Future Treasures: The Paper Menagerie and Other Stories by Ken Liu
Ken Liu has been one of the breakout fantasy stars this decade. His first novel, The Grace of Kings, was nominated for a Nebula Award last week, and Amal El-Mohtar called it “a magnificent fantasy epic.” As a translator he’s brought some of the most important Chinese-language SF to America, including last year’s Hugo winner, The Three Body Problem, by Cixin Liu.
But much of Ken Liu’s reputation was built on a stellar series of short stories published in places like Clarkesworld, F&SF, Asimov’s, Analog, Strange Horizons, and Lightspeed. He’s received virtually every award our field has to offer for his short fiction, including the Nebula, Hugo, and World Fantasy Awards — and he was the first person ever to win all three awards for a single story, “The Paper Menagerie,” originally published in the March-April 2011 issue of The Magazine of Fantasy & Science Fiction (read the complete story at io9).
Next month Saga Press will publish Ken’s first short story collection, The Paper Menagerie and Other Stories, collecting all of his award-winning and nominated fiction, including “The Man Who Ended History: A Documentary” (Finalist for the Hugo, Nebula, and Theodore Sturgeon Awards), “Mono No Aware” (Hugo Award winner), “The Waves” (Nebula Award finalist), “The Bookmaking Habits of Select Species” (Nebula and Sturgeon award finalists), “All the Flavors” (Nebula award finalist), “The Litigation Master and the Monkey King” (Nebula Award finalist), and the title story, “The Paper Menagerie.”
The Paper Menagerie and Other Stories also includes a brand-new story exclusive to this volume, “An Advanced Reader’s Picture Book of Comparative Cognition.”
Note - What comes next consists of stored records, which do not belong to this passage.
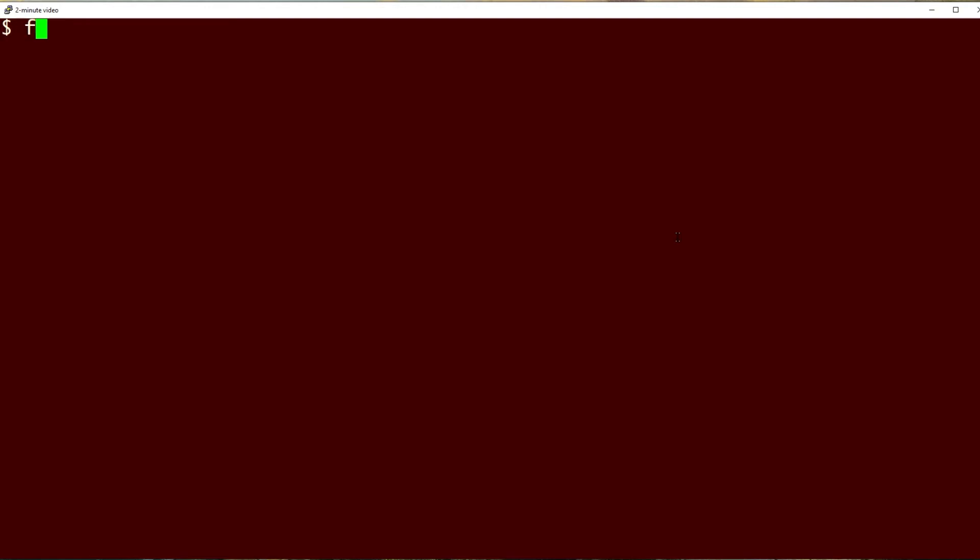So let's just take a look at that. Say I factor the number 123, I get 3 and 41. Those are both prime numbers and multiplied together they result in 123.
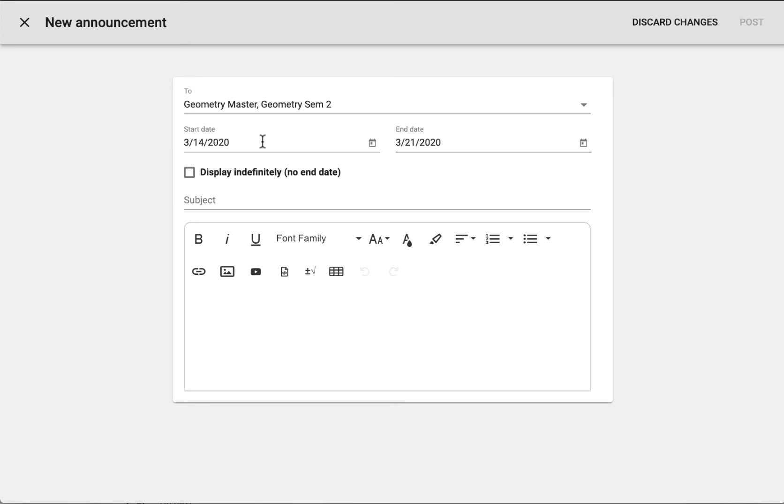Specify your announcement's start and end dates. The announcement will disappear from the announcements list on the home page once the end date has been reached, unless you check the display indefinitely option here.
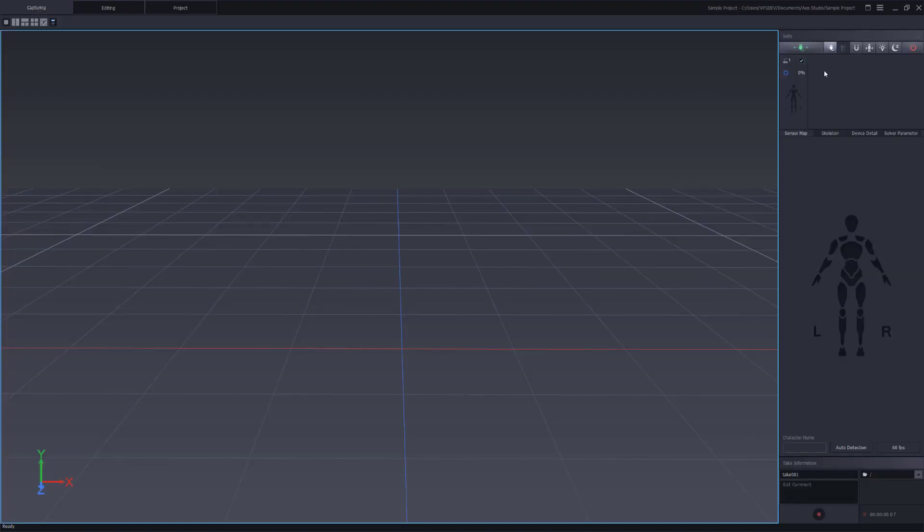Let's get started by finding out where to find our current firmware version. Under the suits menu here you'll see that we have a transceiver connected and we physically have our Perceptional Studio body sensors currently on.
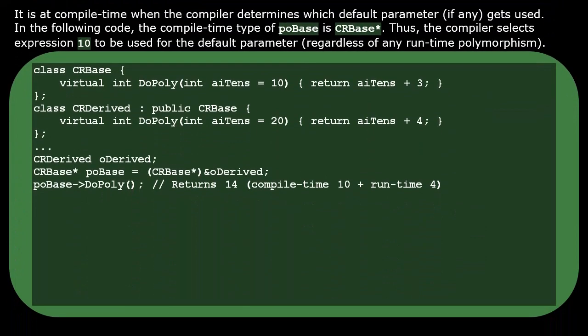Consider this example of a class hierarchy having a polymorphic function. At compile time, the compiler determines which default parameter gets used for our function call. The compile time type of this PO base variable is a pointer to C base. Thus, the compiler selects expression 10 to be used for the default parameter. In determining this default parameter value, it does not matter whether or not any polymorphism might take place later during runtime.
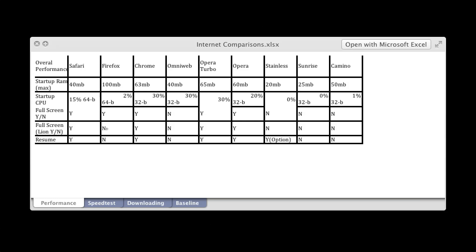And whether or not it resumes. So all the ones that don't is Firefox, OmniWeb, Sunrise, and Kamino. And by default, Stainless doesn't, but if you turn on that option, then it will. So the ones that do is Safari, Chrome, Opera, Opera Turbo, Stainless after you enable it.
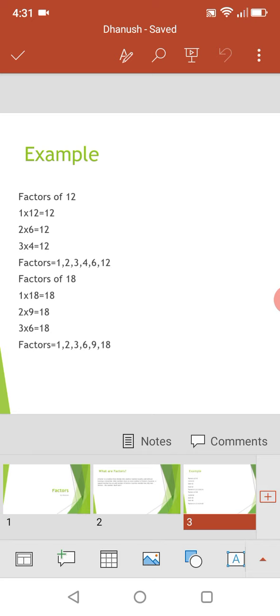I just want to say that the numbers which multiply are factors. You can see in the factors of 12, the second number which is 2 by 6, so 2 and 6 are the factors. Like that, 3 and 4 are the factors for the numbers, for factors of 12.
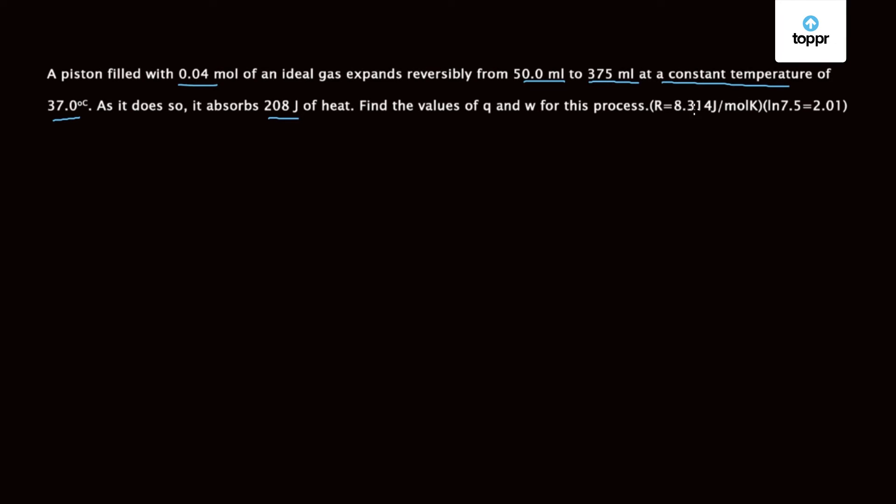There is data given where R is equal to 8.314 Joule mole inverse Kelvin inverse and ln 7.5 is 2.01. So let's try to solve this question.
Here’s the complete Table of Contents.
Preface
“The Bookmaking Habits of Select Species” — Nebula nominee, Sturgeon Award finalist
“State Change”
“The Perfect Match”
“Good Hunting” — WSFA Small Press Award Winner
“The Literomancer”
“Simulacrum”
“The Regular” — Nebula nominee, Locus Award finalist, Sturgeon Award finalist
“The Paper Menagerie” — Hugo winner, Nebula winner, World Fantasy Award Winner, Sturgeon Award finalist, Locus Award finalist
“An Advanced Reader’s Picture Book of Comparative Cognition” — new to this volume
“The Waves” — Nebula nominee
“Mono no aware” — Hugo winner, Sturgeon Award finalist, Locus Award finalist
“All the Flavors” — Nebula nominee
“A Brief History of the Trans-Pacific Tunnel” — Sidewise Award Finalist, Locus Award finalist
“The Litigation Master and the Monkey King” — Nebula nominee
“The Man Who Ended History: A Documentary” — Hugo nominee, Nebula nominee, and Sturgeon Award finalist
And here’s the description.
Ken Liu has quickly become one of the most original and thought-provoking story writers of his generation. Deftly riffing off the power of narrative, this collection is as heartbreaking as it is charming.
In “Simulacrum,” the daughter of the revered inventor of augmented reality is irrevocably divided from her father by the technology that is meant to help her be closer to him. In the title story, “The Paper Menagerie,” a child loses touch with the magical paper menagerie built for him by his mother, a mail-order bride in suburban Connecticut, but then discovers as an adult that love knows no bounds. A young man struggling to preserve his culture in the face of utter annihilation finds peace in the transcendence of fleeting memory in “Mono No Aware.” As a couple explores one of the hidden atrocities of the Second World War, they try to speak for those who no longer can in “The Man Who Ended History.” And in “An Advanced Reader’s Picture Book of Comparative Cognition,” a mother and father who are separated by vast distances must invoke, for their children, a thousand ways love may take form
These fifteen evocative short stories and novellas tour the poignant history that always haunts immigrants, survivors of war and our consistent technological advances as they are explored through love, race, and politics. An award-winning author, Liu and his stories invoke the magical within the mundane in profound and moving ways.
You can read more about the book at Ken’s website. Andrew Liptak at Barnes & Noble has a great interview with Ken and his editor Joe Monti about the book here.
The Paper Menagerie and Other Stories will be published by Saga Press on March 8, 2016. It is 464 pages, priced at $24.99 in hardcover and $7.99 for the digital version. That origami tiger on the cover was designed, folded and photographed by Quentin Trollip, who I bet is a ton of fun at birthday parties.
See all of our coverage of the best in upcoming fantasy here.
What, no “Knotting Grass, Holding Ring?” I was so impressed by that one, with its unconventional view of revolutionary heroism, that I keep checking out Liu’s stories despite not really finding another I like. This volume I need to read.
Strange to think he’s already published so many short stories they won’t all fit in a 460+ page collection!
Where did “Knotting Grass, Holding Ring?” appear? You’ve made me curious to read it.